Ci sono due categorie di viaggiatori, a Lisbona. Quelli che hanno letto Sostiene Pereira e quelli che (ancora) non l’hanno fatto. Peccato per questi ultimi. Ma i primi, i privilegiati, coloro che sono rimasti ammaliati della prosa di Antonio Tabucchi, saranno senza dubbio spinti da un desiderio difficile da tenere a freno: ordinare una limonata zuccherata e un’omelette alle erbe aromatiche al Café Orquidea.

LA PASTELERIA DA PROVARE. Purtroppo però il celebre luogo di ristoro del protagonista – Pereira appunto, un anziano giornalista che si occupa della pagina culturale del «Lisboa» e che vive rassegnato alla morte prima che una serie di incontri ed eventi gli scombussolino l’esistenza – non esiste. O meglio: oggi c’è la Pastelaria Orquidea che geograficamente corrisponderebbe anche alla posizione in cui Tabucchi ha ambientato le vicende del suo romanzo più famoso e premiato, ma la realtà portoghese è spesso e volentieri uno sfondo indefinito e allucinato nelle opere dello scrittore toscano morto il 25 marzo di quattro anni fa proprio a Lisbona. Si coglie, dunque, una città postmoderna, illogica, metafisica.

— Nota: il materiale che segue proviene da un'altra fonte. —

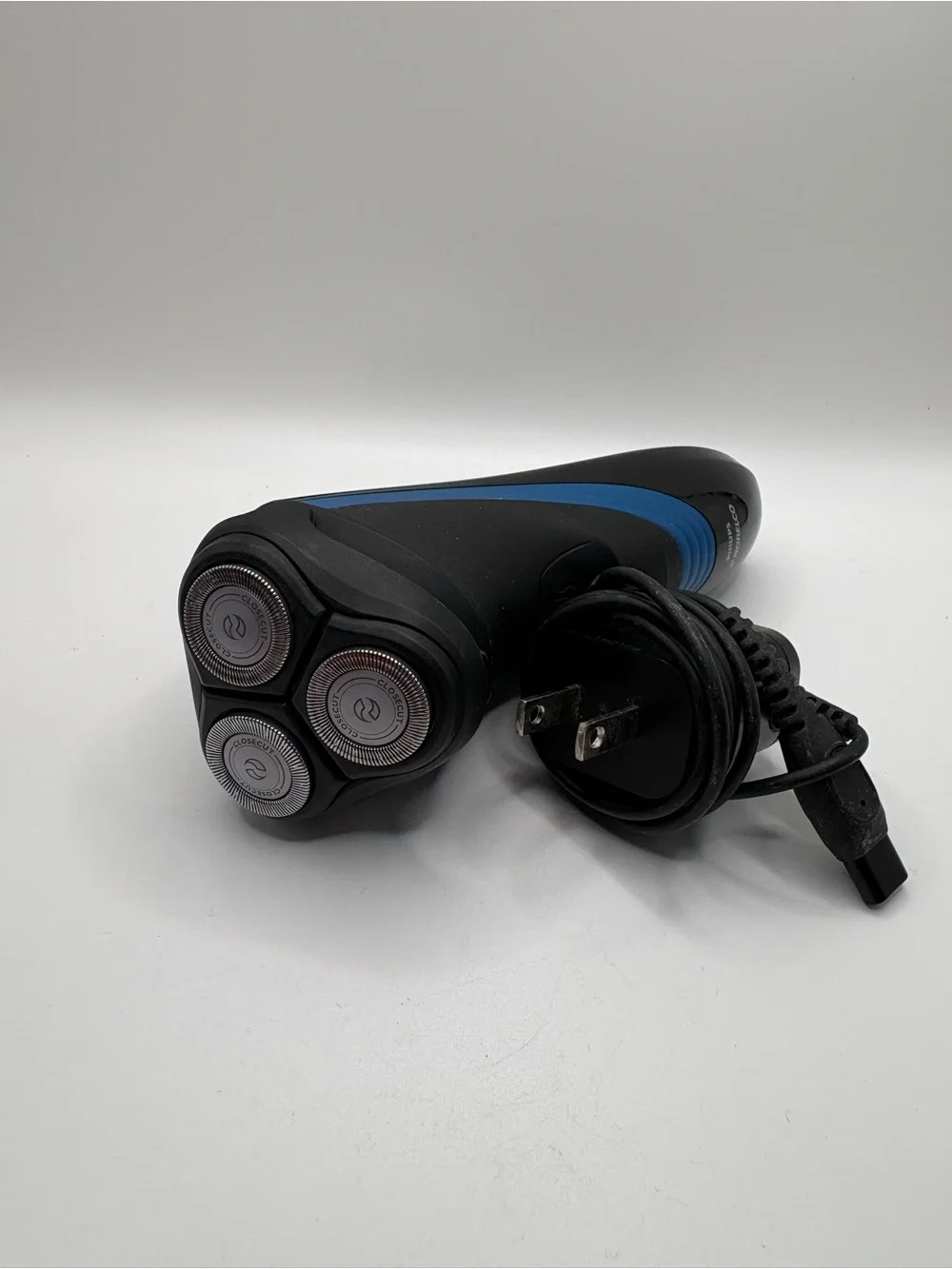 Philips Norelco Shaver 2100 cordless electric rotary razor in black with blue ac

L’ALTER EGO DEL POETA PESSOA. Il legame tra Tabucchi e Lisbona ha profonde origini letterarie. Galeotti furono il 1966, una bancarella della Gare de Lyon di Parigi e il poemetto Tabaccheria di Álvaro de Campos, uno dei numerosi eteronimi di Fernando Pessoa.

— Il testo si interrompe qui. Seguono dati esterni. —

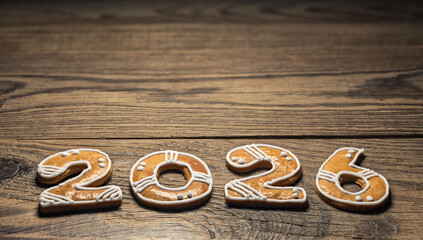 Closeup of gingerbread 2026 number for New year greetings on vintage background. Beautiful Xmas still life with golden baked sweets in numerals shape decorated by white frosting on brown natural wood.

«Mi colpì moltissimo: ero abituato a una poesia sostanzialmente lirica, trovavo lì invece una poesia che era insieme teatro, riflessione filosofica, racconto. Mi dissi che se c’era uno scrittore capace di esprimere tutte queste cose in un poema dovevo impararne la lingua», avrebbe poi svelato in un’intervista del 1994 a Daniela Pasti per «La Repubblica».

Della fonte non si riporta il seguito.